Megan Brooks

November 02, 2009

November 2, 2009 (Boston, Massachusetts) — After orthotopic liver transplantation for hepatitis C virus (HCV), extending antiviral therapy for 52 weeks after a first HCV-negative result leads to low relapse rates, according to research reported here during an oral presentation at The Liver Meeting 2009: American Association for the Study of Liver Diseases (AASLD) 60th Annual Meeting.

"In patients responding slowly to antiviral therapy following orthotopic liver transplant, the 'stop rules' at weeks 12 and 24 should be reconsidered," lead investigator Kimberly Brown, MD, head of the Division of Gastroenterology at the Henry Ford Hospital in Detroit, Michigan, and colleagues report in their meeting abstract.

In an interview with Medscape Gastroenterology just prior to her presentation, Dr. Brown said: "There are some data in the pretransplant population that, if you extend antiviral therapy, you reduce relapse rates, especially in patients who are responding slowly. The purpose of our study was to extend therapy to see if we could do that in a posttransplant population, and the results suggest that we could."

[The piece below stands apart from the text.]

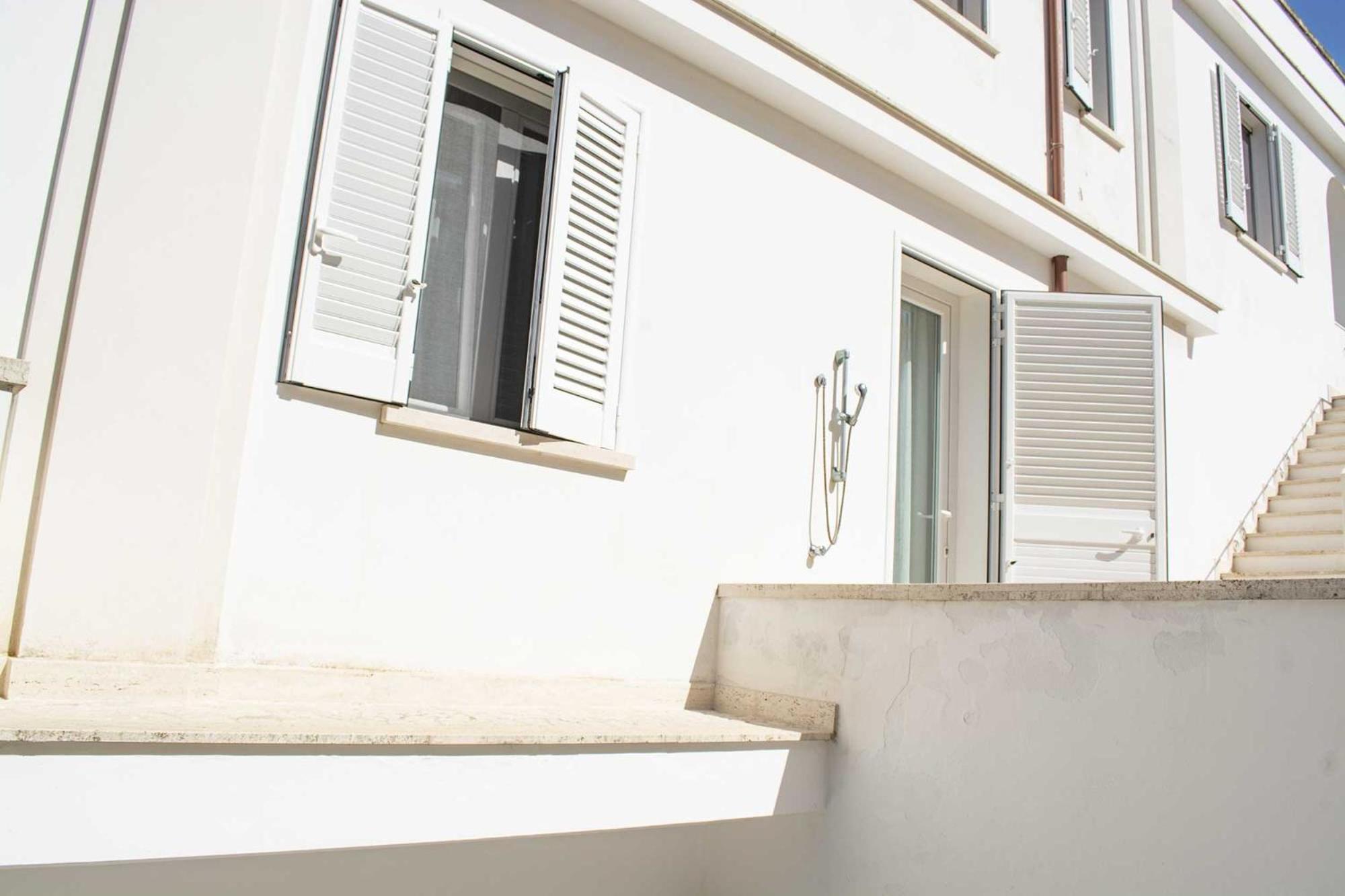 Appartamenti In Via Schipa Pescoluse Marina Di Pescoluse Exterior foto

The study involved 241 consecutive patients who underwent orthotopic liver transplant from 1999 to 2006 for HCV. Patients were offered therapy if they tested positive for HCV RNA, had recurrent HCV with at least stage 1 fibrosis, and had stable immunosuppression for at least 3 months.

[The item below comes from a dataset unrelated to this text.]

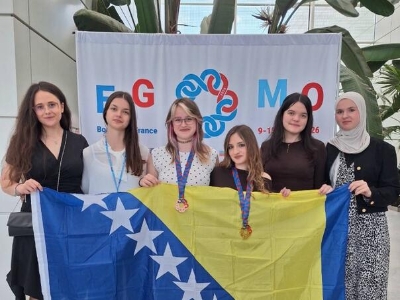 Matematičarke KS zlatne i bronzane na Evropskoj olimpijadi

Patients received either nonpegylated interferon 3 times weekly or pegylated interferon in combination with ribavirin in standard doses. Treatment was continued for 52 weeks after patients became HCV-negative.

According to Dr. Brown, of the 241 patients, 66 were treated, 22 achieved sustained virologic response, and only 2 (8%) relapsed. "A relapse rate of 8% is quite a bit lower than the 30% that is commonly cited in the literature," she told Medscape Gastroenterology.

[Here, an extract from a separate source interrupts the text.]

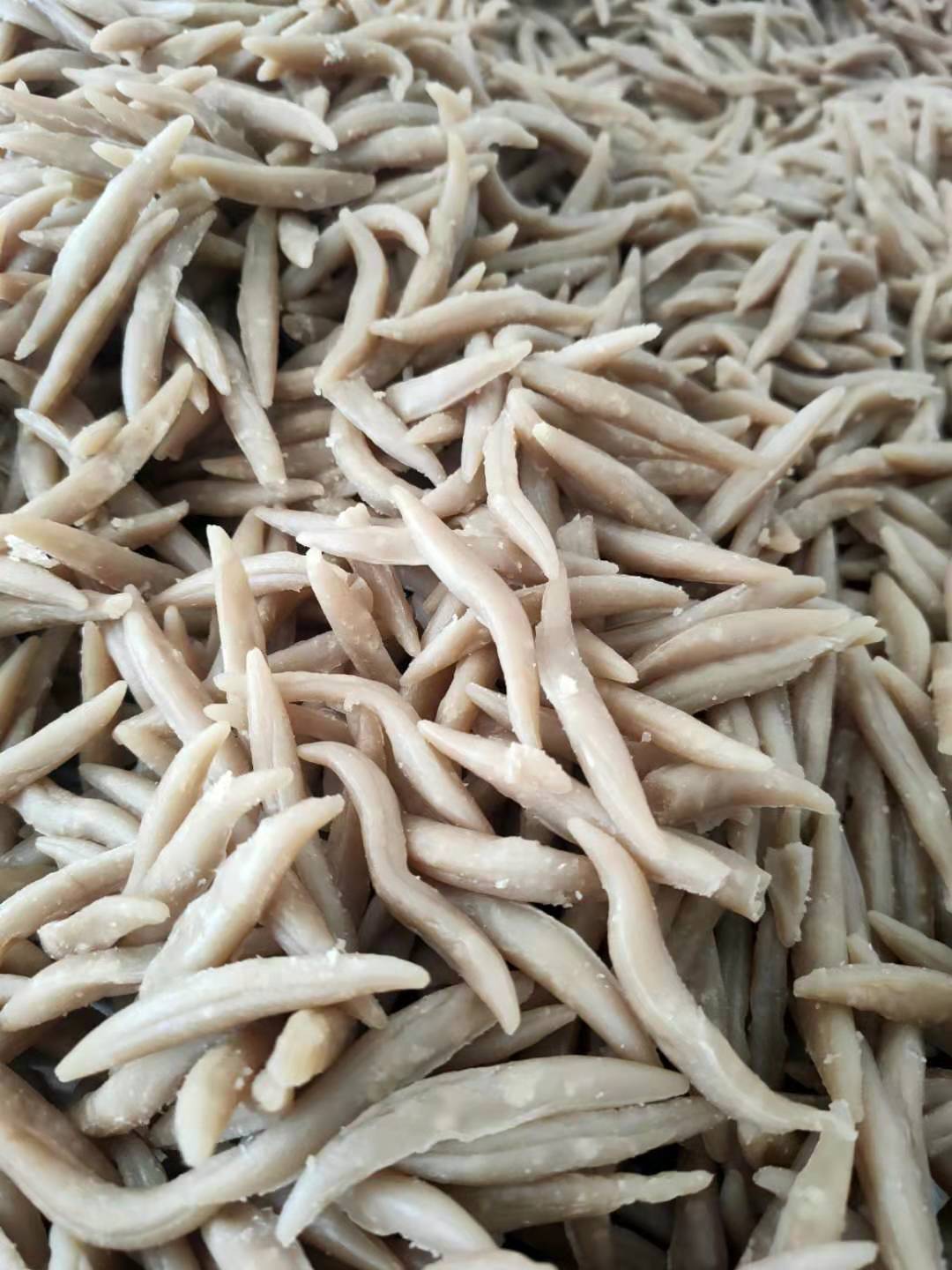 山西莜面鱼鱼地方风味美食速食快餐供应餐厅饭店500g大份量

She also noted that patients who achieved sustained virologic response were more likely to have had extended treatment than those who did not (97.5 vs 59.9 weeks; P < .014).

Moreover, "35% of the patients who went on to have a sustained virologic response actually became virus-negative after week 24," Dr. Brown said. "This suggests that even if patients are positive at 24 weeks, there is still a 35% chance that they can achieve sustained viral clearance."

Stuart C. Gordon, MD, also from the Department of Gastroenterology and Transplant Surgery at the Henry Ford Hospital, but who was not involved in the study, said: "These are very provocative data that challenge a lot of long-held paradigms. The standard of care has always taught us that failure to achieve viral negativity by 24 weeks is the end of the line. This study shows that this is not the case."

"In light of these findings, our preconceived notions about antiviral therapy need to be re-explored," he concluded.

The study was funded by Henry Ford Health System in Detroit, Michigan. Dr. Brown and Dr. Gordon have disclosed no relevant financial relationships.

The Liver Meeting 2009: American Association for the Study of Liver Diseases (AASLD) 60th Annual Meeting: Abstract 187. Presented November 2, 2009.